Bay seems to have taken exactly the wrong messages to heart in Transformers: Age of Extinction. He still does a lot of slow-mo, but his battle scene coherence is gone. Set-pieces of battles are edited together and intermingled in ways that either don't make sense or, worse, deprive the viewer of exactly what he came to see. In the first fight scene between Optimus and Megatron (it's no spoiler to say there is one!) they're both trucks (don't ask) hurtling toward each other at full speed. The viewer, informed by the last three movies and all the cartoons and every other movie of its kind, knows what happens next: Optimus and Megatron transform at the last moment, leaping upon each other in a sparks-flying, ear-shattering clash.
Except... they don't. At that very moment you expect the transformation to begin, the camera cuts away to the humans trapped in a car near the battle. Mark Wahlberg and the two teenagers trapped with him are screaming about getting out of the car, getting into the car, something. You hear the clash in the distance. The next cut is a helicopter shot of them running away while at the top of the screen you see Optimus and Megatron slugging it out.
This happens again and again. The huge clashes, the big sparks, are tossed aside in order to close in on Wahlberg and whoever is with him, to show how much danger they're in being involved with these enormous robot things. It's not an accident. It's Bay's new thing.
The Transformers movies are porn films. A tissue of a plot unites a series of battle scenes. Nobody interrupts a porn film to turn the camera on the cat licking itself. Nobody ever went to the first three films to watch Shia La Beouf, and nobody's going to the rest to watch Marky Mark.
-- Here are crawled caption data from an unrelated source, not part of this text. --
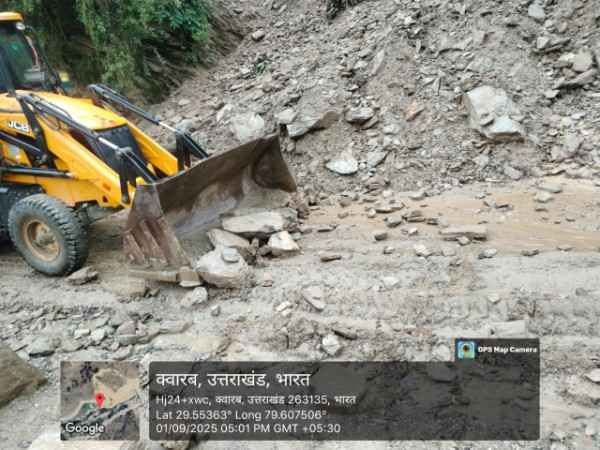 JCB-Poklane also ineffective: Relief operation blocked due to continuous debris in Quarab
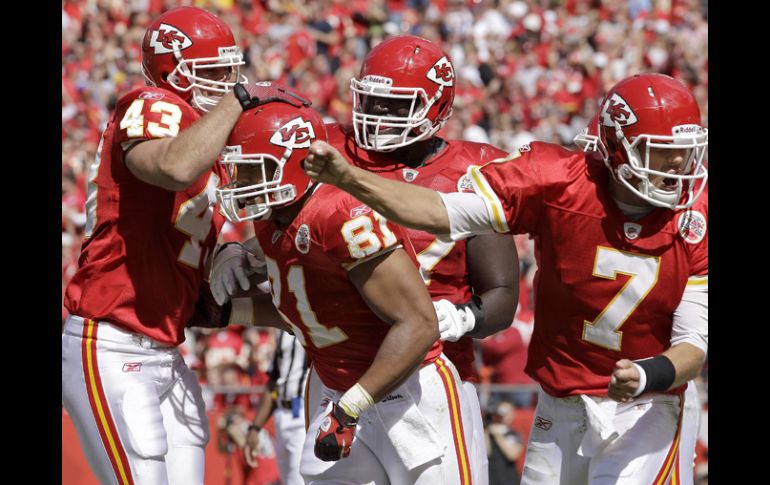 Kansas City ha basado su gran paso en un impresionante ataque terrestre que promedia 160.7 yardas por partido. AP  /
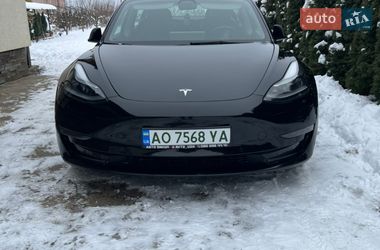 Седан Tesla Model 3 2022 в Ужгороде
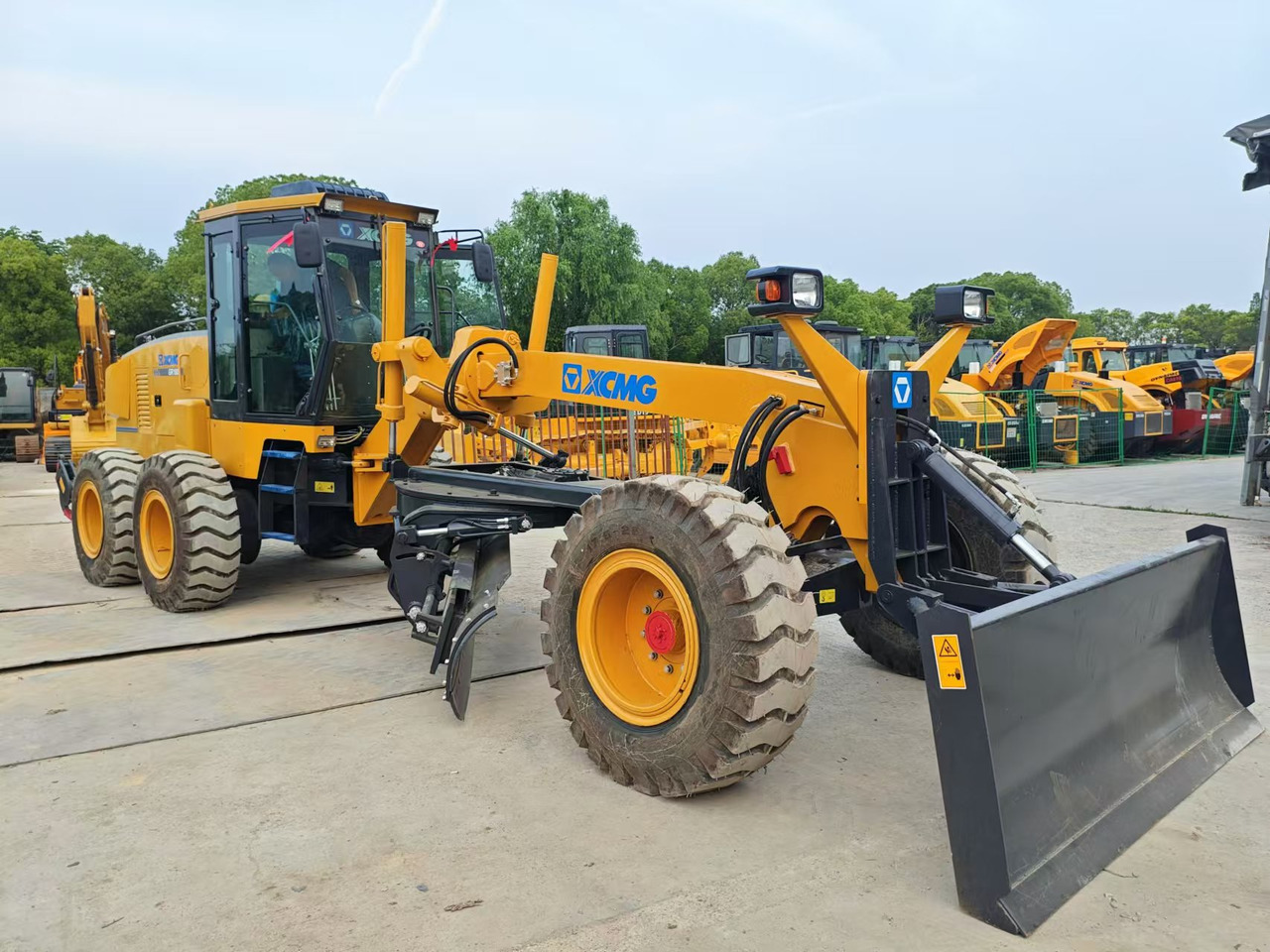XCMG GR1803 - מפלסת: תמונה 1 XCMG GR1803 - מפלסת: תמונה 1
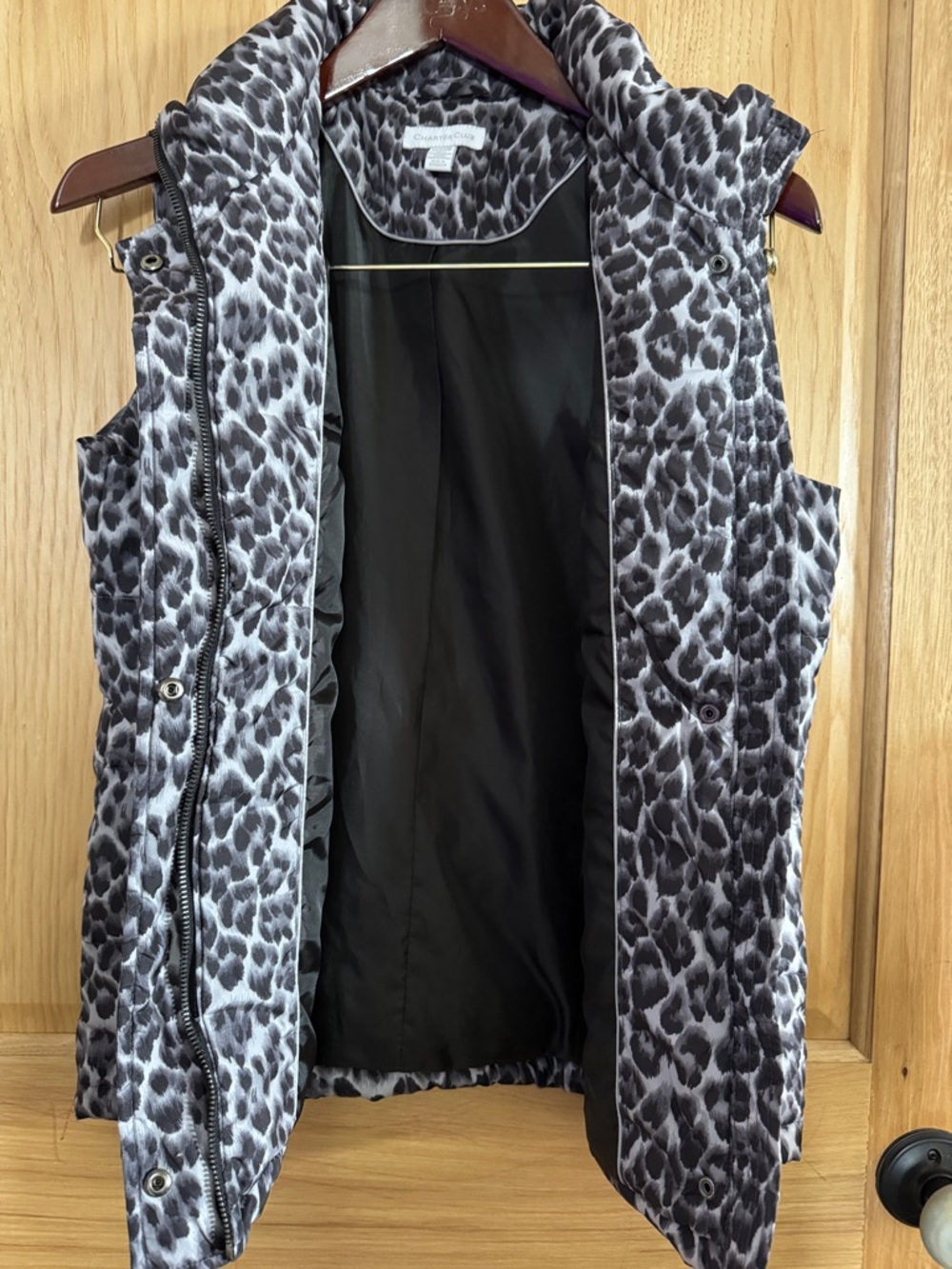 Charter Club Leopard Print Quilted Vest - Black & White - Picture 4 of 4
Transformers 4 marks a failure in the franchise, and I hope whoever takes over for the next one (and yes, there will be a fifth, since it's made over $1bn on $210mn production costs) learns from Bay's mistakes and gives the audience what it wants: hot robot-on-robot action.
One of the most brutal criticism of the second film involved its visual incoherence in the small. Battles became nothing more than scrambles of chrome and color on the screen, making little sense to the viewer. In the third film, Bay figured out a visual vocabulary for fight scenes that let the viewer understand who was punching whom, and why. It involved a lot of ramping, which Bay was already famous for, but it also involved a lot of heavy artistry about color choices, camera position, contrasting designs, and the like. It was actually impressive, from an animators' point of view, to watch the third film and see how Bayhem and CGI intermingled into a coherent scene. (Again: in the small. Overall, the plot made zero sense.)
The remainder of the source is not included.